Task item:
Return exactly the span that opens with the line containing "Beautiful mountain landscape" and closes with the final line of the records, both included.

(Short web captions)
================

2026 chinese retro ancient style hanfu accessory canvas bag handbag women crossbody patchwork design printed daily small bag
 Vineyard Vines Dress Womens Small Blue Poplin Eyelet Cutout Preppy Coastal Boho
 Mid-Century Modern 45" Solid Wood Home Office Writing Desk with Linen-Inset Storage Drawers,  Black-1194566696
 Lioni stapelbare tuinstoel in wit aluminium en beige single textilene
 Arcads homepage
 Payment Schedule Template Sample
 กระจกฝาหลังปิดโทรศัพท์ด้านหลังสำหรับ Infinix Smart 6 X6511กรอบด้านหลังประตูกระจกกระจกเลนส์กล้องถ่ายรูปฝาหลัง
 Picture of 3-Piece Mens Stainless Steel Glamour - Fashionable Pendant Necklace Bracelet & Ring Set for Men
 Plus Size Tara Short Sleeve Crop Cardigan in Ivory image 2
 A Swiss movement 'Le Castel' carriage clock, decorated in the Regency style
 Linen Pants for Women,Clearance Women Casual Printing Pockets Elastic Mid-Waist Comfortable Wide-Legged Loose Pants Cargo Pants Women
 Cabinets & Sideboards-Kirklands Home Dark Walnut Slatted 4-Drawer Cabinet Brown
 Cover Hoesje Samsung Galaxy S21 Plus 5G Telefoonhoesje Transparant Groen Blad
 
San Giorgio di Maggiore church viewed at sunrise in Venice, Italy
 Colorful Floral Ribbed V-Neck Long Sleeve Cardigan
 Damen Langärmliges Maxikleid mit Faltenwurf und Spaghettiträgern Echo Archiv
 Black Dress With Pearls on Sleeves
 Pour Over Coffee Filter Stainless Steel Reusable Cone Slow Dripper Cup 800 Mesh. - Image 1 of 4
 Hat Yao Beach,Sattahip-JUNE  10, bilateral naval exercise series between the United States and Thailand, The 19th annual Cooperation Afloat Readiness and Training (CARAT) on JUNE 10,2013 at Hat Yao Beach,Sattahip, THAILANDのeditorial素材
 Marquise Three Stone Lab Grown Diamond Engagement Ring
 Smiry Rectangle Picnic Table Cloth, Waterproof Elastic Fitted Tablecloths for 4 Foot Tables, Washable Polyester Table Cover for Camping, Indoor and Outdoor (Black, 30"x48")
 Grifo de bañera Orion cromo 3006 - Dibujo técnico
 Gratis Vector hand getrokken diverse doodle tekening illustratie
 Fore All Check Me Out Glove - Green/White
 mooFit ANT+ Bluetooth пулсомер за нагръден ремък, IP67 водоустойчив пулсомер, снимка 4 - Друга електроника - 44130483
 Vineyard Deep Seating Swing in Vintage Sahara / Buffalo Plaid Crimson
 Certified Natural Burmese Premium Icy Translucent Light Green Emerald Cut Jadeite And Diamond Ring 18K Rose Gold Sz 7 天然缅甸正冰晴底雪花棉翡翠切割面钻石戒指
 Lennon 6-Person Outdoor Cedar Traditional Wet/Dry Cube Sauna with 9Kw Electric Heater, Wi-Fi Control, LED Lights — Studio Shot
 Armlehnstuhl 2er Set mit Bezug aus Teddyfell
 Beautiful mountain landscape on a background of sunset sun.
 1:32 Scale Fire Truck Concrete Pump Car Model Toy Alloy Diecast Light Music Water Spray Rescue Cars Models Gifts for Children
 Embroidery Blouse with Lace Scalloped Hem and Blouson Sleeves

================

Solution to the problem:
 Beautiful mountain landscape on a background of sunset sun.
 1:32 Scale Fire Truck Concrete Pump Car Model Toy Alloy Diecast Light Music Water Spray Rescue Cars Models Gifts for Children
 Embroidery Blouse with Lace Scalloped Hem and Blouson Sleeves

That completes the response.